Painted just three years before he died in 2011, Husain’s vision for the museum was remarkably close to its built form – a series of blue blocks set beside a white cylindrical tower. In the sketch the structures rise from a landscape of green patches and golden sand, with the Persian Gulf suggested in the distance. Husain shared the artwork with Her Highness Sheikha Moza bint Nasser, chairperson of the Qatar Foundation, offering her the vision of a “painter’s museum”. Along the sketch’s slender border he scrawled a note: “I present for a kind glance of Her Highness, a concept of Art Complex, my dream to educate and entertain.” In November 2025 Sheikha Moza realised the late artist’s dream at the opening ceremony of Lawh Wa Qalam: M. F. Husain Museum.
The completed Lawh Wa Qalam Museum (“the tablet and the pen” in Arabic) traces the trajectory of Husain’s career, which was defined by flourishes of drama. Never one to shy away from making controversial political or religious statements through his art, he rose to fame in India for the same reasons that later drew threats from right-wing Hindu nationalist groups, prompting him to leave the country. From 2006, he lived in the United Kingdom and the United Arab Emirates before finally settling in Doha. In 2010 Husain was given Qatari citizenship, a year before his death at the age of 95.
The 3,000-square-metre museum houses 150 artworks by Husain – whose signature look of Hermès suits and bare feet was perhaps just as recognised as his work. The collection, which includes works created from 1950 to 2011, is eclectic, expansive and inimitable: from large-scale paintings to tapestries, films and wooden sculptures.

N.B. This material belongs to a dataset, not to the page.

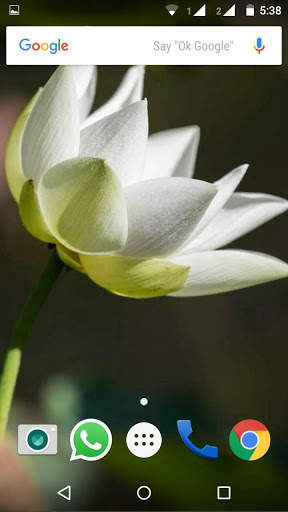 Lotus Flower Wallpaper HD screenshot 4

Among them is a constellation of 35 paintings belonging to the Arab Civilisation series, commissioned by Sheikha Moza and produced by Husain towards the end of his life, reflecting a deeply personal exploration of his Yemeni ancestry.
Designed by Indian architect Martand Khosla, the museum, which took three-and-a-half years to complete, was carefully constructed to resemble the sketch Husain made years earlier. When Khosla first encountered that sketch, certain elements leapt out immediately: the striking azure tiles inspired by Central Asia, the towering earthen-brown buildings that echo those found in Yemen, sunlit desert canopies gently billowing and a tall, periscope-like form that evokes the shape of a pen.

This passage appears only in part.